Wolfgang se agitó en sus brazos. Alzó su cabeza y se apretó contra su mejilla.
—¿Qué es lo que pasa con JN? —dijo por fin—. No me gustó el aspecto de De Vries.
Charlene tiritó en la oscuridad.
—Malas noticias, Jan habló con ella esta mañana, cuando por fin le dieron los resultados de las pruebas de laboratorio. Tiene un tumor cerebral maligno que se desarrolla rápidamente. Es aún peor de lo que creíamos.
—¿Inoperable?
—Ésta es la peor parte… es lo que Jan De Vries estaba preguntando. Hay un problema de operación y quimioterapia conjunta del que sobrevive uno de cada cinco casos. Pero sólo puede ejecutarse en un número muy escaso de centros y a cargo de un grupo reducido de personas. No hay forma de hacerlo en la Estación Salter. Ya oíste a Ferranti. Harían falta cinco años de desarrollo.

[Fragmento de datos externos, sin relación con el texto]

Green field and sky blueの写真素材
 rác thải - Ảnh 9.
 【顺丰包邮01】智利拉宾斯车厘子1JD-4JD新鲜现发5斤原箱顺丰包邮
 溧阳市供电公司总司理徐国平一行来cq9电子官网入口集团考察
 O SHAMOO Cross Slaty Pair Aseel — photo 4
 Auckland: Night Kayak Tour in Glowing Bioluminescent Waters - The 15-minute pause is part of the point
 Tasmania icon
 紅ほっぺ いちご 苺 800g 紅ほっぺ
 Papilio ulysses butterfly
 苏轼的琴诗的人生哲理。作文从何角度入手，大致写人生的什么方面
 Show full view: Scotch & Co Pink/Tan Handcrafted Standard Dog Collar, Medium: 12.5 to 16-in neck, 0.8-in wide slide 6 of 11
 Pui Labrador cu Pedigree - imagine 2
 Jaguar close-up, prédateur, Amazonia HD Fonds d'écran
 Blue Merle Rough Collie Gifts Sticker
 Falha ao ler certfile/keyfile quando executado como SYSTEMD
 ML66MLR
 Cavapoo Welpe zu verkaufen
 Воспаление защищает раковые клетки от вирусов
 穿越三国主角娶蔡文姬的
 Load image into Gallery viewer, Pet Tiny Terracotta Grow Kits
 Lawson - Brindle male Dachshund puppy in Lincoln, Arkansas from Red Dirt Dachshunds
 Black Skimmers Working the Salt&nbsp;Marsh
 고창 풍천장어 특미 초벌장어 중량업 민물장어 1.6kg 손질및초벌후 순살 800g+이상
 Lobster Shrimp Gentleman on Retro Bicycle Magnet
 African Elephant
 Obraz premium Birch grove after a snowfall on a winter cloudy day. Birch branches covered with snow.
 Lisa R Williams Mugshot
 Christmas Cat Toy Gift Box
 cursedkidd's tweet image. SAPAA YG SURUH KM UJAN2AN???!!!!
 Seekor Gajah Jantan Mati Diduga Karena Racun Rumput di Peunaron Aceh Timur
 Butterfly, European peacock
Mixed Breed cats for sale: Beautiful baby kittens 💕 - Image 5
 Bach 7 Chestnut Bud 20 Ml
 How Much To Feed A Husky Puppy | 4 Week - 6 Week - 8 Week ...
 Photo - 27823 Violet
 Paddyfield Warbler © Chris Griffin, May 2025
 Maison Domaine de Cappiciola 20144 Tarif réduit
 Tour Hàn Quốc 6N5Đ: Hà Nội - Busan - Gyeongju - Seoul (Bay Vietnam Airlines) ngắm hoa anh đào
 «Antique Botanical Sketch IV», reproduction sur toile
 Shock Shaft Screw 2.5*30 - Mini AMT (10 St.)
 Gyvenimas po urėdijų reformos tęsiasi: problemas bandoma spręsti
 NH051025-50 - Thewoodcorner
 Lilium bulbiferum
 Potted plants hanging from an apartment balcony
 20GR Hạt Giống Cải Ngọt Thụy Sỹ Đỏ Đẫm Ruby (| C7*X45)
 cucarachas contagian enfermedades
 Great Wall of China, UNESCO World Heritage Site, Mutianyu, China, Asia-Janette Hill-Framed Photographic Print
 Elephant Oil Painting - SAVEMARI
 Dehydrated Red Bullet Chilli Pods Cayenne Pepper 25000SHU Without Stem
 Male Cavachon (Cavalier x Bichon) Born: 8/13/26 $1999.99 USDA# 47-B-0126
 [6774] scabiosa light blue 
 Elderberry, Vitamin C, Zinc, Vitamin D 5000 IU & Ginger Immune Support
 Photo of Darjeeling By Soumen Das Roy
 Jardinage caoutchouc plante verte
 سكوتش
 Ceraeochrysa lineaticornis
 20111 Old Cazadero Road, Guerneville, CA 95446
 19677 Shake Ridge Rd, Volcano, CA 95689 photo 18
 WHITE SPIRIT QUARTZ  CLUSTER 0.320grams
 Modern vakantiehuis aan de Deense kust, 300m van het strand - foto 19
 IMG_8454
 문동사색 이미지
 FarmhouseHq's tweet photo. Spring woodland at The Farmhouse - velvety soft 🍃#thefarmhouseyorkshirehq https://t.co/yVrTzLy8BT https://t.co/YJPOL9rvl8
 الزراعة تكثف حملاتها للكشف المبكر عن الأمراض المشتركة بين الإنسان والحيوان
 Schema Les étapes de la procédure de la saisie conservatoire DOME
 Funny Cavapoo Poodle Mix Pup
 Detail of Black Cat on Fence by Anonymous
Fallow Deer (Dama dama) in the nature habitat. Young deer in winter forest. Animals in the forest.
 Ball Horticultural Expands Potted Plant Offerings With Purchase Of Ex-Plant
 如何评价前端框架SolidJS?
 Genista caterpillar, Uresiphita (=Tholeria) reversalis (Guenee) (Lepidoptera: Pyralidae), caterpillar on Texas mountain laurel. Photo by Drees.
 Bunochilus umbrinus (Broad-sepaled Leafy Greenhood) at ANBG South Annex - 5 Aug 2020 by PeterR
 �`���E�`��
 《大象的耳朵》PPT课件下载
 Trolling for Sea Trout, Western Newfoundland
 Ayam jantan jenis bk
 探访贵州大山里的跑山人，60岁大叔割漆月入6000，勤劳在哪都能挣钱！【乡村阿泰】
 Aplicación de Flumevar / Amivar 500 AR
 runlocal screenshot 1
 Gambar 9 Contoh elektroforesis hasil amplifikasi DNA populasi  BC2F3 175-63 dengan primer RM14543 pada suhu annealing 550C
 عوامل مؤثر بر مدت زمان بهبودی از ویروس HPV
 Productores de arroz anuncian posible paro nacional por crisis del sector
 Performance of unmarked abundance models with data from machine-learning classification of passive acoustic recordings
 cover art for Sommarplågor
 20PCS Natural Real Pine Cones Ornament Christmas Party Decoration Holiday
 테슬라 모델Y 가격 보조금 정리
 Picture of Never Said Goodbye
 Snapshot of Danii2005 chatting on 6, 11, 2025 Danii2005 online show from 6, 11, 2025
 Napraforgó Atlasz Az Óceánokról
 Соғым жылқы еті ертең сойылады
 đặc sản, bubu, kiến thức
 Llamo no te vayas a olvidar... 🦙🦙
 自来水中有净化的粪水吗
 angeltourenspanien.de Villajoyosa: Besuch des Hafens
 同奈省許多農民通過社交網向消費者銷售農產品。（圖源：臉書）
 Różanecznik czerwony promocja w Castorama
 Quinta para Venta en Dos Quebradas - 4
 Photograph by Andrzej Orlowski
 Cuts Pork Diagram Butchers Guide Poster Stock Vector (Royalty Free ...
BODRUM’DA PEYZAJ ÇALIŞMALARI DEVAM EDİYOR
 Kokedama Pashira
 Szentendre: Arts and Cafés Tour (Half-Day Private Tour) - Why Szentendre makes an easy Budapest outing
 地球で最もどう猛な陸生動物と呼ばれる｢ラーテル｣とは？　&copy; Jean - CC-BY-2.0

—¿Cuánto tiempo le queda a Judith?
—Dos o tres meses, no más. —Charlene había contenido sus sentimientos a lo largo del día, pero ahora estaba llorando en silencio—. Tal vez menos… la aceleración del despegue la dejó inconsciente, y eso es mala señal. Sólo estaban a tres g. Y todas las instalaciones que podrían haber hecho la operación, allá en la Tierra, han sido reducidas a cenizas. Wolfgang, está condenada. No podemos operarla aquí, y no puede volver allí.
Él guardó silencio un rato, meciendo a Charlene en sus brazos.
—Esta mañana parecía que estábamos en el principio de todo —dijo—. Han pasado doce horas y es el fin. Wherry lo dijo: es el fin de todo. No te lo había dicho, pero también se está muriendo. Estoy seguro. Me dio un mensaje para JN, para que desarrollara la hibernación en las arcologías. Le prometí que se lo transmitiría, y lo haré. Pero ahora no importa.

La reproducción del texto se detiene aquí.